Homemade Croissants – the sort of treat I never would have envisioned making in my kitchen a few years ago but now I can say I’ve done it!! Although homemade croissants are a pretty long process, let me assure you they are worth every single minute. They are flaky, buttery, and slightly crispy on the outside, yet with soft, fluffy layers on the inside. I must say, ‘Croissants sont tout simplement divines’!
- 625g White flour, plus extra for rolling out
- 12g Salt
- 75g Sugar
- 20g Dried yeast
- 500g Butter (chilled)
- 1 free-range Egg (beaten)
- Place the flour, salt, sugar and yeast in a large mixing bowl. Using a wooden spoon, slowly mix in a little water until the mixture forms into pliable dough.
- Place the dough on a floured surface and knead until it feels elastic.
- Return the dough to the bowl, cover and chill in the refrigerator for an hour.
- Place the chilled dough to your floured work surface and roll it into a rectangle, around 60x30cm/24x12in.
- Roll out the chilled butter into a rectangle about ½ inch thick, 8x12in.
- Place the butter rectangle in the centre of the dough rectangle, so it covers the middle third of the dough.
- Fold each side of the dough over the butter, so there is one layer of dough on the bottom, a layer of butter, then two layers of dough.
- Wrap the dough in cling film and chill in the fridge for another hour.
- Lightly flour the worktop and roll out the dough to a rectangle, around 24x12in. Repeat the folding process, folding the long sides into the middle, then return the dough to the fridge for a further hour.
- Repeat this process of folding and chilling two more times, then wrap the dough in cling film and set it aside to rest overnight.
- Using a rolling pin, roll out the rested dough to 1/8in thick.
- Either use a croissant cutter to cut triangles or cut the rolled out dough into squares, each 20cm/8in square. Cut each square diagonally, making two triangles.
- Place the dough triangles on a lightly floured surface with the right angle away from you.

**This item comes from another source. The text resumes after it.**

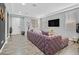 Modern living room featuring a plush purple sofa, large windows, and stylish decor at 6554 Macdoogle St, Las Vegas, NV 89166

- Roll the croissant towards the right angle point and curl the dough roll around into a traditional crescent shape.
- Place the shaped croissants on baking trays and leave to rise for 1½ hrs.
- Preheat the oven to 200C/Gas 6.
- Lightly egg-wash the croissants and bake for 10-15 minutes until golden brown.
Dégustez de délicieux croissants faits maison!